Segment Open

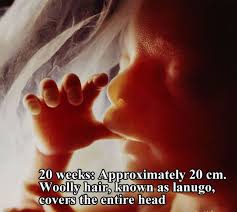 Fetal development in pictures by Lennart Nilsson (16 pics ... via Relatably.com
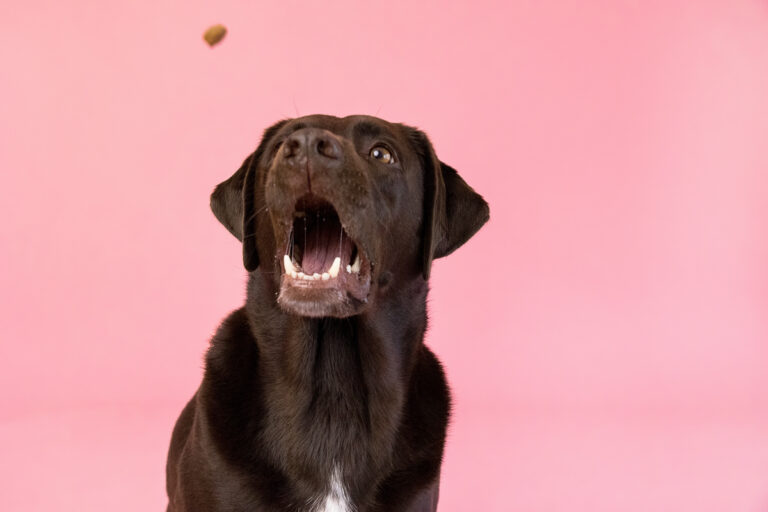 Rathmell Pet Portrait 066 768x512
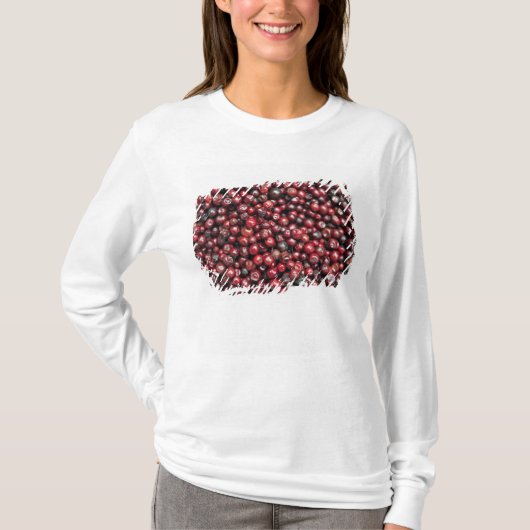 Rode bessen van de Himalaya T-shirt (Voorkant)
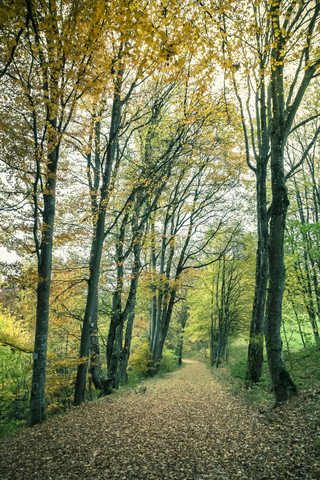 Germany, Baden Wuerttemberg, Zollernalbkreis, forest path in autumn stock photo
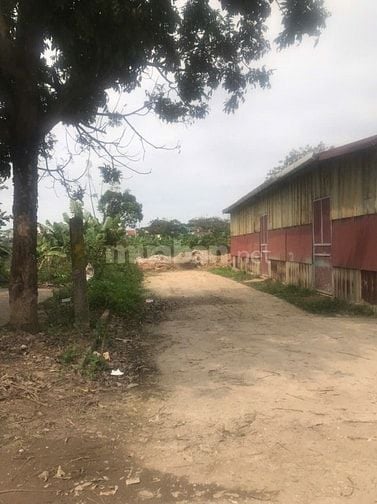 Bán Đất Phố Nhật Tảo, Bắc Từ Liêm ô tô vào đất 89m MT 6m 12.9 tỷ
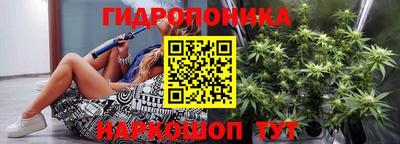 крисы Рязань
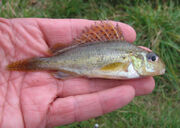 Medway Ruffe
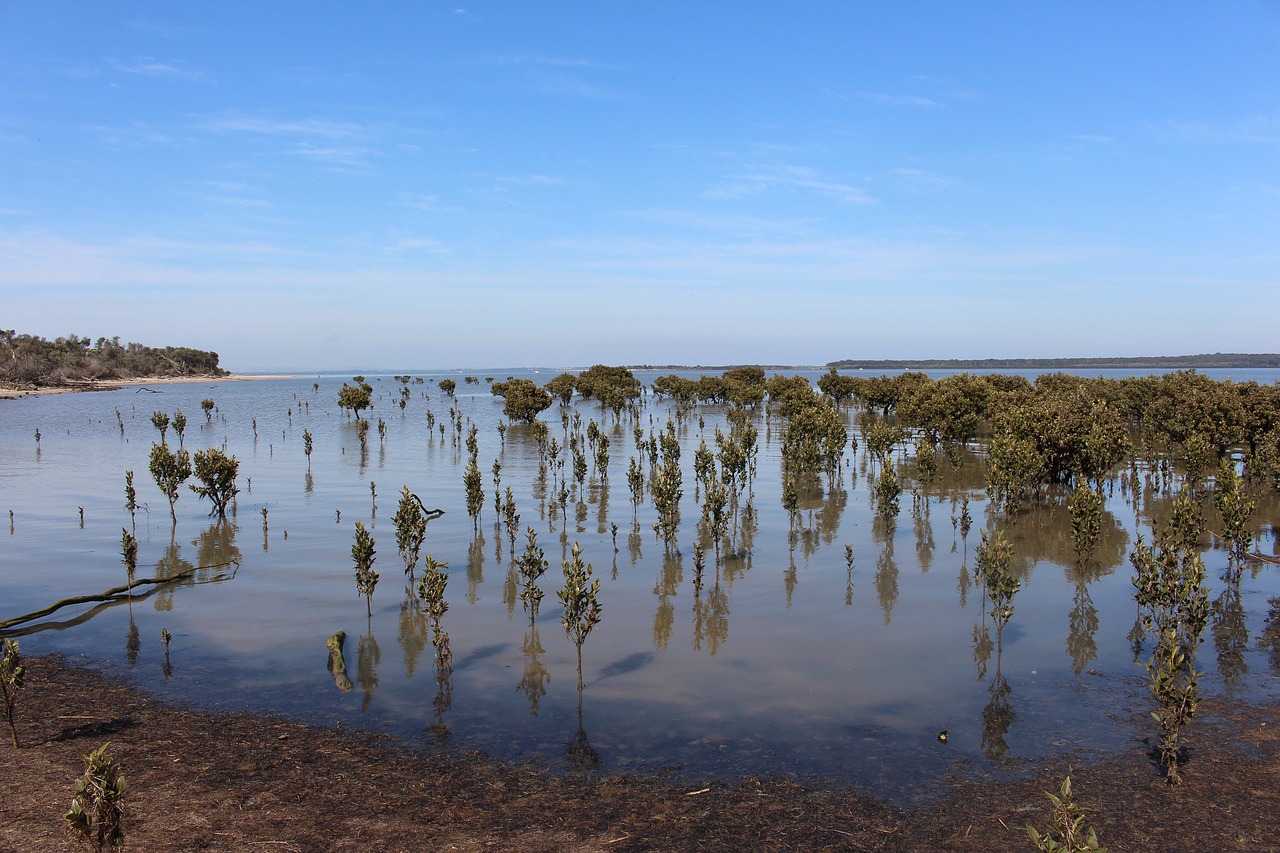 Mangroviai, Vakarinis Uostas, Viktorija, Australia, Ramsar, Laukiniai, Gamta, Aplinka, Išsaugojimas, Nemokamos Nuotraukos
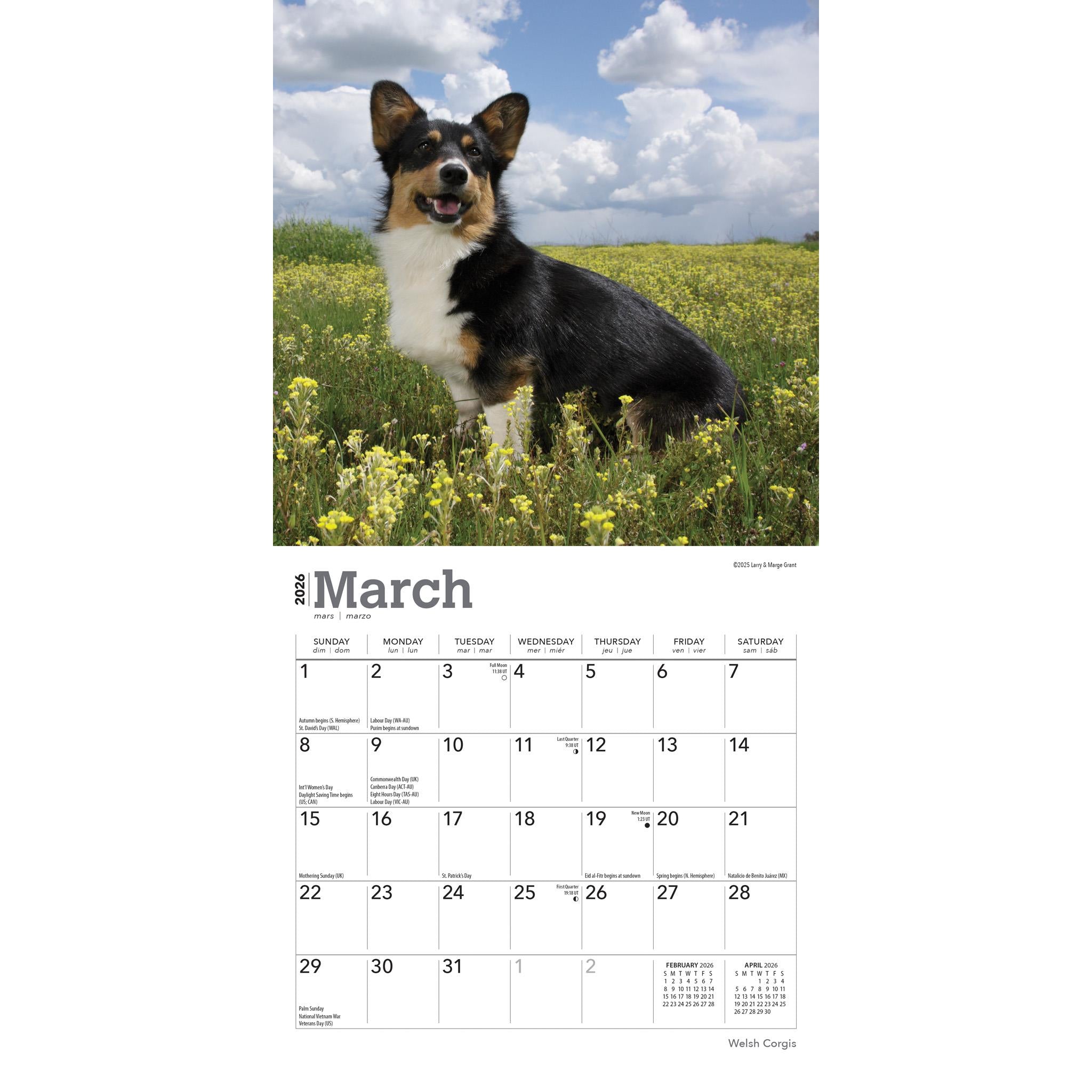 Welsh Corgis 2026 Mini Calendar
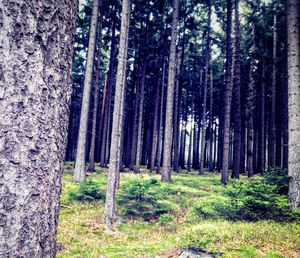 Trees in forest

Segment Closed

◆ **TASK DIRECTIONS**: Could you please return each line of the material exactly, dropping the pictures?

◆ **SOLUTION TO THE PROBLEM**:
 Fetal development in pictures by Lennart Nilsson (16 pics ... via Relatably.com
 Rathmell Pet Portrait 066 768x512
 Rode bessen van de Himalaya T-shirt (Voorkant)
 Germany, Baden Wuerttemberg, Zollernalbkreis, forest path in autumn stock photo
 Bán Đất Phố Nhật Tảo, Bắc Từ Liêm ô tô vào đất 89m MT 6m 12.9 tỷ
 крисы Рязань
 Medway Ruffe
 Mangroviai, Vakarinis Uostas, Viktorija, Australia, Ramsar, Laukiniai, Gamta, Aplinka, Išsaugojimas, Nemokamos Nuotraukos
 Welsh Corgis 2026 Mini Calendar
 Trees in forest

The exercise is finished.